With this in mind, I’ve created a DO and DON’T list for when to reach inside your medicine cabinet, and when to sit back, offer up plenty of liquids, TLC…and wait (the hardest part, I know!)
DON’T reach for acetaminophen and/or ibuprofen for:
- Vaccination pre-treatment. Studies have shown that the use of acetaminophen can actually decrease the immune response to a vaccine. If your child has prolonged pain or high fever following her vaccinations, contact her doctor.
- An infant less than 4 months old. If your baby has a fever (100.4 or higher), you should contact his pediatrician immediately and do not give him any medicine. Fevers in babies can signify potentially serious infections and should always be evaluated by a healthcare provider.
- No ibuprofen for babies less than 6 months old.

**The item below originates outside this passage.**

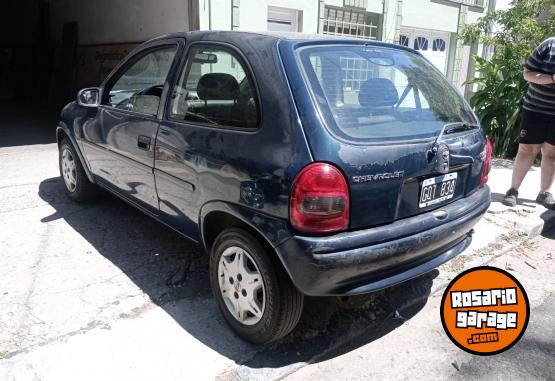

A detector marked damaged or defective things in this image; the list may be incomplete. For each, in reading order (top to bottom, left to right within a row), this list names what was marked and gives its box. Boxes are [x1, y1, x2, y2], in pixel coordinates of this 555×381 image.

cracked concrete ground [0, 141, 552, 378]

- Fever. As I said, fever really does a body good. It activates your child’s immune system and aids in recovery. However, if your child’s fever is climbing rapidly and is reaching 103 F or higher, then by all means, give her some acetaminophen or ibuprofen. Also be sure to keep her hydrated, and contact her pediatrician if the fever continues beyond 3 days.
- Teething. Acetaminophen and/or ibuprofen should not be your first line of defense when it comes to teething. Offer other comfort measures like a cold washcloth and cold teething rings. If your child is having trouble sleeping at night and you think it’s from teething, some children will benefit from a pain reliever. Just be sure to check with your child’s doctor that nothing else is going on with your child.
DO treat for:
- Pain. Whether it’s a headache, a raging ear infection, or a sprained ankle…pain relievers work. No need to be afraid to tackle the pain with either acetaminophen or ibuprofen.
- High fever. As I mentioned above, a high fever that’s making your child miserable certainly warrants some fever control.
So, as you can see, there are plenty of reasons to resist the urge to treat minor fevers and/or minor pain. When you do reach into the medicine cabinet, keep in mind that acetaminophen recently underwent new formulation changes. The infant drops (80mg/0.8ml) are being phased out and will now be sold as a standard formulation of 160mg/5ml. This phase out is not complete and both can still be found in some stores. So be careful. Double check which concentration you have and always base your child’s dose on her weight. If ever in doubt, contact her doctor.
Another last word of caution, aspirin should never be used in children due to the risk of Reye Syndrome. I know it’s not marketed toward children, but it’s worth mentioning. Also, if you have a strong family history of asthma, or your child has asthma, it’s a good idea to avoid acetaminophen if you can until further studies elucidate this link between its use and increased asthma symptoms.
Does this help you navigate through the use of acetaminophen and ibuprofen? What questions do you have for me?